Stored data entries:
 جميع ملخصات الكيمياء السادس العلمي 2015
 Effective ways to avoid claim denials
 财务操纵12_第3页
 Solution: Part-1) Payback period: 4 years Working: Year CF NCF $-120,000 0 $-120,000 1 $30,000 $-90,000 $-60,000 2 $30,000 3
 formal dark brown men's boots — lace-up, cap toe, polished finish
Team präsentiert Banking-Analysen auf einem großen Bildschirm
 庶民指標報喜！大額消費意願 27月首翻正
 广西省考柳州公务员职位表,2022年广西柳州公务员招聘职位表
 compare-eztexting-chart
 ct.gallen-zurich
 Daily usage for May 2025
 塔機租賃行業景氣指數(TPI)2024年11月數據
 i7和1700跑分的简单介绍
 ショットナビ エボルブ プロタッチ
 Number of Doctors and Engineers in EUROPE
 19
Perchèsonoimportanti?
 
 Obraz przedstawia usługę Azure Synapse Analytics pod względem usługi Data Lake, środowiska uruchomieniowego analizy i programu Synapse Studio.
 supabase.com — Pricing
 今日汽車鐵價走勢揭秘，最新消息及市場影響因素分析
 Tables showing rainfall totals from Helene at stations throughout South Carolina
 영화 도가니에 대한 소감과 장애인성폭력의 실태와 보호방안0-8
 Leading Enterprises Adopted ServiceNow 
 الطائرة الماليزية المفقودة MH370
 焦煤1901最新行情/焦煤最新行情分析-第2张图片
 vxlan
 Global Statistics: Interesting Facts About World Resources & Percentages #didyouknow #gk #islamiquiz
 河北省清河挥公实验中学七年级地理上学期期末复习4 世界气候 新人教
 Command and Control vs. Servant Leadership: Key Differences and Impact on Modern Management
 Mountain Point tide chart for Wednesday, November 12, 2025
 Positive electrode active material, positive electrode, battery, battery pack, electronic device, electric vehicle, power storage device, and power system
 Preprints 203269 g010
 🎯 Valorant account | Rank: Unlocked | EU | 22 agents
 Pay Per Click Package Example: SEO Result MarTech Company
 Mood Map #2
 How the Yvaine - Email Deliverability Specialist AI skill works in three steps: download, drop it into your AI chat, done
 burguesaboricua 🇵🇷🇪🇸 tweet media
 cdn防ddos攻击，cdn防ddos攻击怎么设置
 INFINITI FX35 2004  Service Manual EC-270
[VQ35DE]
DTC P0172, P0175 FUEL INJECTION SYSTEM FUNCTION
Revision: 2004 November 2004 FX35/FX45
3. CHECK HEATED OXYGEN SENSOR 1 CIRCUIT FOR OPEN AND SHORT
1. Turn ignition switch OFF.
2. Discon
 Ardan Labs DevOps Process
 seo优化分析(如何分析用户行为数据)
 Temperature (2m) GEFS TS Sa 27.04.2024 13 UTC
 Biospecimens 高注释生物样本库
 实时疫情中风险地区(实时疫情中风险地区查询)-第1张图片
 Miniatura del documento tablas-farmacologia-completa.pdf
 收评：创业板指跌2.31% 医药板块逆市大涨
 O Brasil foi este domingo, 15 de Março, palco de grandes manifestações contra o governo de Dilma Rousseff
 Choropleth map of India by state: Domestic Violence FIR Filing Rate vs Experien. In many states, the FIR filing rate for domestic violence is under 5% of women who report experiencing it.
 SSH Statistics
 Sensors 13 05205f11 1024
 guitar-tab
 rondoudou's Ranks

Goal of the exercise – All records should be returned verbatim, none left out.

Result of the task –
 جميع ملخصات الكيمياء السادس العلمي 2015
 Effective ways to avoid claim denials
 财务操纵12_第3页
 Solution: Part-1) Payback period: 4 years Working: Year CF NCF $-120,000 0 $-120,000 1 $30,000 $-90,000 $-60,000 2 $30,000 3
 formal dark brown men's boots — lace-up, cap toe, polished finish
Team präsentiert Banking-Analysen auf einem großen Bildschirm
 庶民指標報喜！大額消費意願 27月首翻正
 广西省考柳州公务员职位表,2022年广西柳州公务员招聘职位表
 compare-eztexting-chart
 ct.gallen-zurich
 Daily usage for May 2025
 塔機租賃行業景氣指數(TPI)2024年11月數據
 i7和1700跑分的简单介绍
 ショットナビ エボルブ プロタッチ
 Number of Doctors and Engineers in EUROPE
 19
Perchèsonoimportanti?
 
 Obraz przedstawia usługę Azure Synapse Analytics pod względem usługi Data Lake, środowiska uruchomieniowego analizy i programu Synapse Studio.
 supabase.com — Pricing
 今日汽車鐵價走勢揭秘，最新消息及市場影響因素分析
 Tables showing rainfall totals from Helene at stations throughout South Carolina
 영화 도가니에 대한 소감과 장애인성폭력의 실태와 보호방안0-8
 Leading Enterprises Adopted ServiceNow 
 الطائرة الماليزية المفقودة MH370
 焦煤1901最新行情/焦煤最新行情分析-第2张图片
 vxlan
 Global Statistics: Interesting Facts About World Resources & Percentages #didyouknow #gk #islamiquiz
 河北省清河挥公实验中学七年级地理上学期期末复习4 世界气候 新人教
 Command and Control vs. Servant Leadership: Key Differences and Impact on Modern Management
 Mountain Point tide chart for Wednesday, November 12, 2025
 Positive electrode active material, positive electrode, battery, battery pack, electronic device, electric vehicle, power storage device, and power system
 Preprints 203269 g010
 🎯 Valorant account | Rank: Unlocked | EU | 22 agents
 Pay Per Click Package Example: SEO Result MarTech Company
 Mood Map #2
 How the Yvaine - Email Deliverability Specialist AI skill works in three steps: download, drop it into your AI chat, done
 burguesaboricua 🇵🇷🇪🇸 tweet media
 cdn防ddos攻击，cdn防ddos攻击怎么设置
 INFINITI FX35 2004  Service Manual EC-270
[VQ35DE]
DTC P0172, P0175 FUEL INJECTION SYSTEM FUNCTION
Revision: 2004 November 2004 FX35/FX45
3. CHECK HEATED OXYGEN SENSOR 1 CIRCUIT FOR OPEN AND SHORT
1. Turn ignition switch OFF.
2. Discon
 Ardan Labs DevOps Process
 seo优化分析(如何分析用户行为数据)
 Temperature (2m) GEFS TS Sa 27.04.2024 13 UTC
 Biospecimens 高注释生物样本库
 实时疫情中风险地区(实时疫情中风险地区查询)-第1张图片
 Miniatura del documento tablas-farmacologia-completa.pdf
 收评：创业板指跌2.31% 医药板块逆市大涨
 O Brasil foi este domingo, 15 de Março, palco de grandes manifestações contra o governo de Dilma Rousseff
 Choropleth map of India by state: Domestic Violence FIR Filing Rate vs Experien. In many states, the FIR filing rate for domestic violence is under 5% of women who report experiencing it.
 SSH Statistics
 Sensors 13 05205f11 1024
 guitar-tab
 rondoudou's Ranks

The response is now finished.